Should you have time to reflect on your decisions this week—did they align with the ideals and values you profess? Those you find falling short, what small step could you take toward authenticity? It seems that true leadership emerges when your outward choices mirror your inner values.

Dear Executive, allow me to introduce you to the masked-man-fallacy

When was the last time you funded an idea because the name felt cutting-edge rather than the evidence? We fall for it ever so often i.e., the masked-man fallacy. Just rename a dusty “Legacy System Upgrade” to “Quantum-Ready Core,” and watch the signatures flow. Same code, shinier mask. Meanwhile a modest-looking “Process Tidy-Up” gasps for airtime, though its ROI glows.


Would you consider some reflective questions e.g., which projects survive on brand halo instead of hard data? Strip logos, anonymise authors, and ask: Would I still approve this if I had no clue who built it? Or the language trap: how many initiatives are “digital transformation” in marketing decks but plain “core plumbing” in the server room, and yet treated as two budgets?


Leibniz smile, because the masked man thrives on unchallenged vocabulary. One way of ripping of the mask is by backing every decision with measurable attributes (cost to deliver, resilience gained, risks burned down) nothing your brand manager can Photoshop.


As executives we frequently need to dust off the question of how many million-rand bets in our pipeline are really wagers on adjectives? And perhaps, if we unmask the work, one might discover the quiet superstar already hidden in plain sight.

Dear Executive, allow me to introduce you to Cipolla’s ‘stupidity’

Cipolla offered five “laws” that explain why stupidity is a systemic force in human conduct themselves. Question: What if tomorrow’s board pack misbehaves because people do?


Carlo Cipolla’s “laws of stupidity” insist that value-destroyers lurk in every meeting, outnumbering your instincts. His First Law: we always undervalue that headcount. His Fourth: we’ll repeat the error next quarter. The result? Projects that burn both shareholder equity and team morale while enriching no one, yet we still call them “strategic bets.”
What proposals are on your agenda? Which proposals presume rational actors once the lights dim? Who’s counting on goodwill instead of guardrails?
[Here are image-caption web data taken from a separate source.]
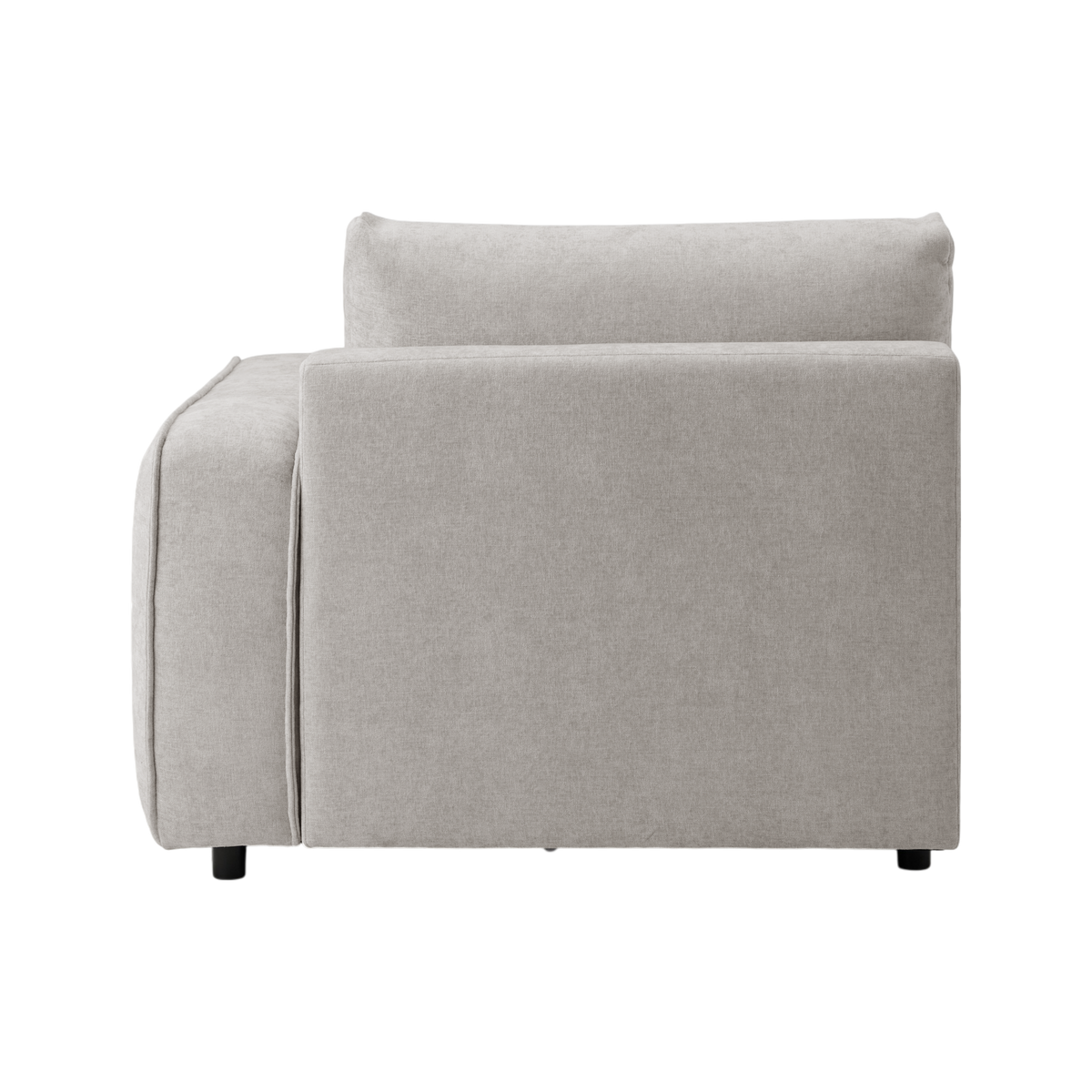 Chauffeuse avec accoudoir pour canapé modulable tissu Solenn Chauffeuse avec accoudoir pour canapé modulable tissu Solenn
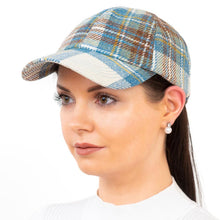 Load image into Gallery viewer, Ladies Irish Tweed Tartan Baseball Cap
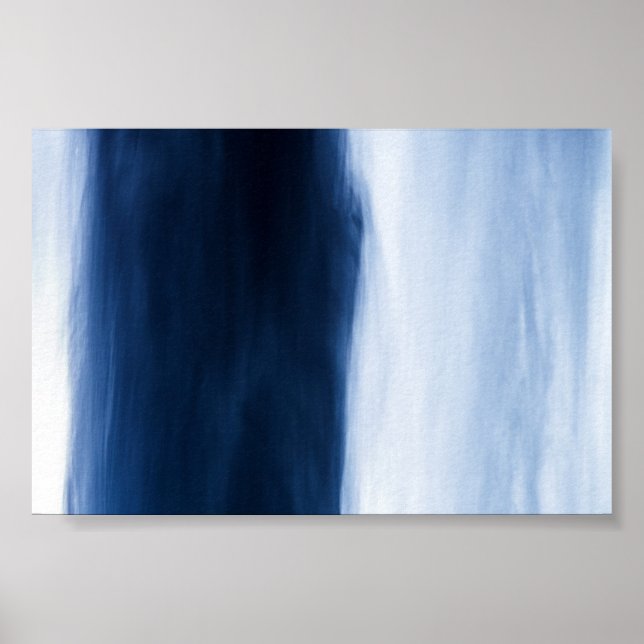 Poster Eau bleue Abstraite (Devant)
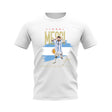 Lionel Messi Argentina Football Celebration T-Shirt (White)_0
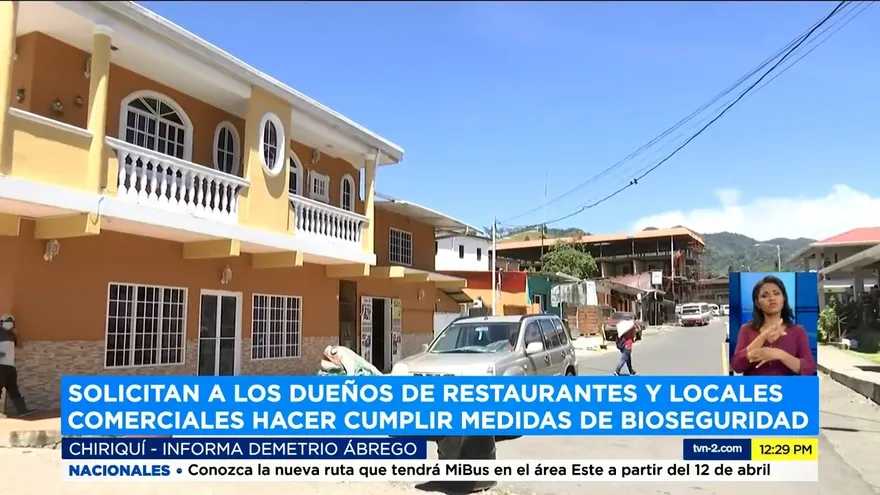 Solicitan a dueños de restaurantes en Chiriquí cumplir medidas de biosegurida
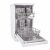 Nyitott Vivax DW-45942B mosogatógép a belső rácsokkal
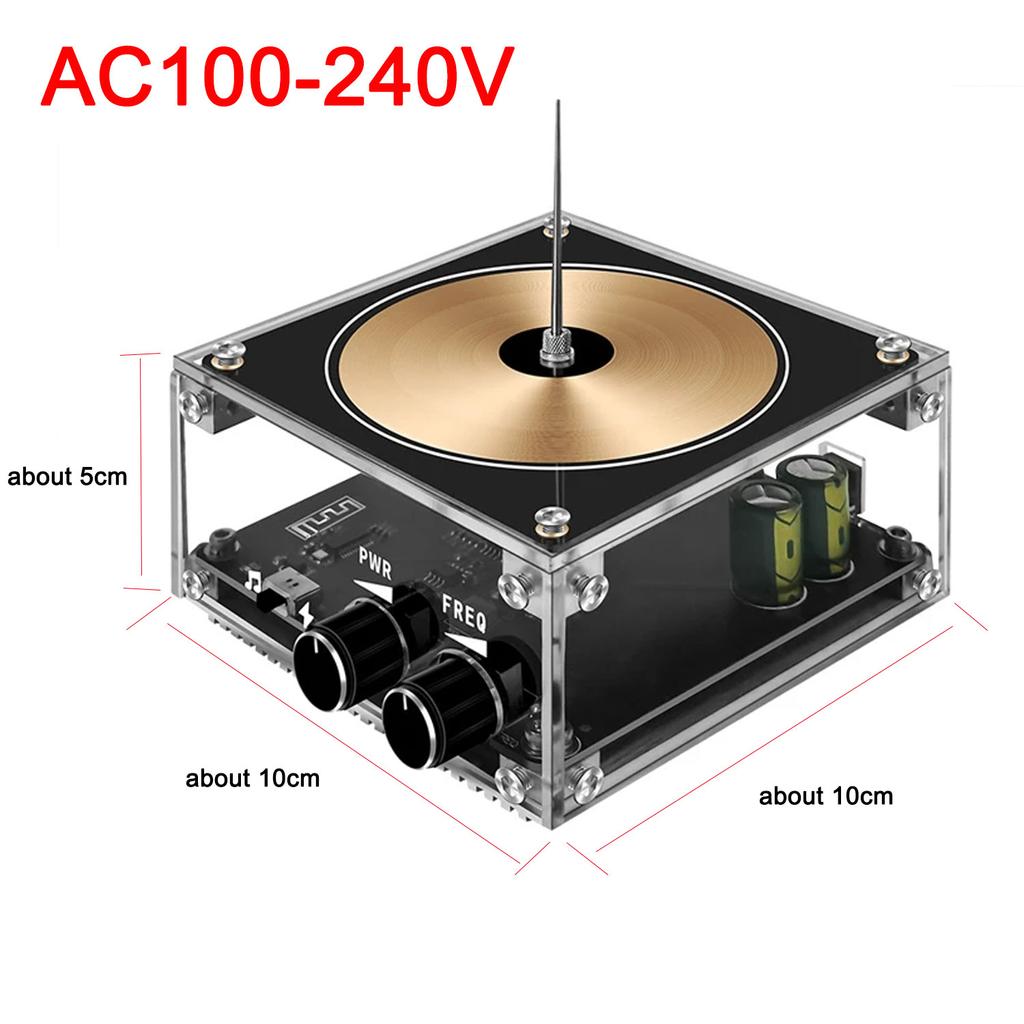 Bluetooth Music Tesla Coil Arc Plasma Loudspeaker Wireless Transmission Experiment Desktop Toy Model SSTC SS02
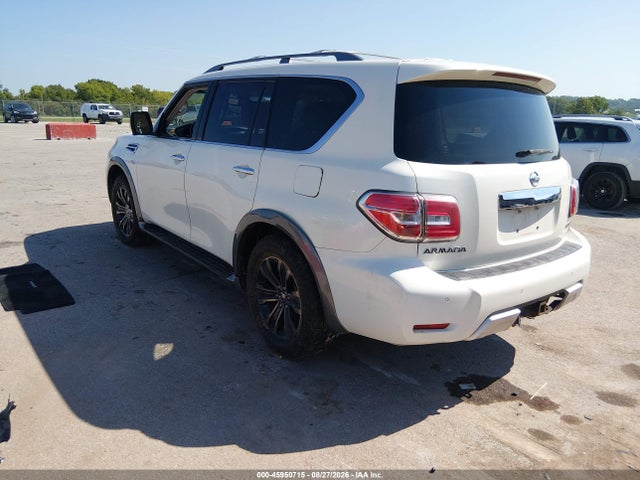 2017 Nissan Armada Platinum მანქანა იყიდება აუქციონზე, vin: JN8AY2NC9H9508524, აუქციონის ნომერი: 45950715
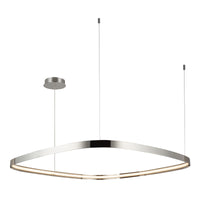 Yukon 40-in Brass Pendant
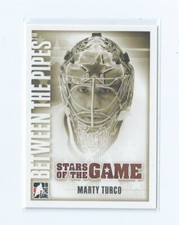 Marty Turco Stars of the Game 2008 In The Game Between the Pipes Hockey Card #68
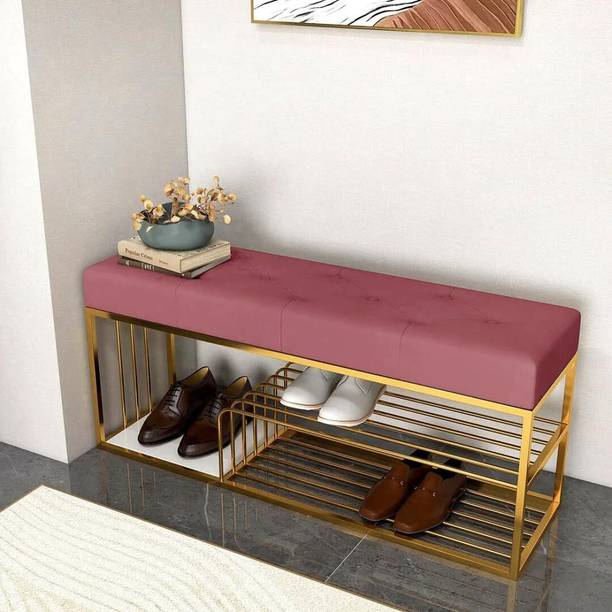 Dence store Dence Store Shoe Rack Bench Metal 2 Seater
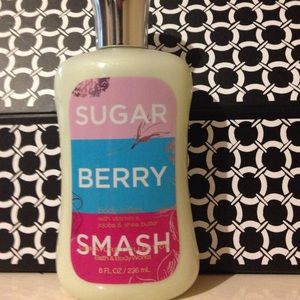 Full bottle of Sugar Berry Smash body lotion
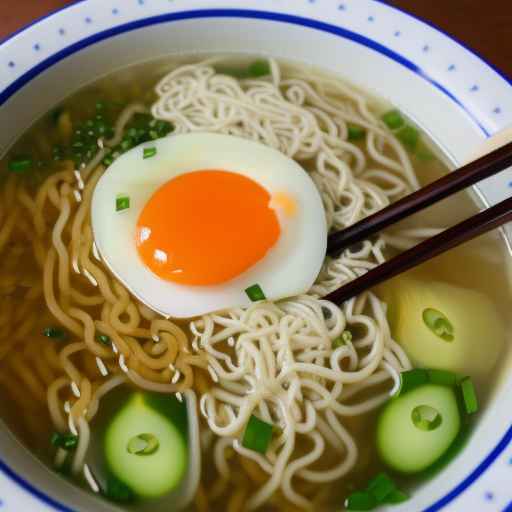 Egg Drop Ramen Soup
Before you sign shouldn’t you ask  “If this implodes in twelve months, what killed it?” If the room falls silent, you ought to hear alarm bells. Have you considered trip-wires, tied to cash burn and not heroics or excuses?


Do you have at least one empowered Sceptic whose KPI is to break the idea before reality does. Titles don’t immunise; dissent is cheap insurance.


And your culture? When was the last time someone told you, “This plan is foolish,” and kept their bonus? If that feels unlikely, consider the possibility that you’ve designed an echo chamber where Cipolla’s laws run free.
If systemic stupidity is a statistical certainty, is your organisation engineered to catch it early or to politely fund it?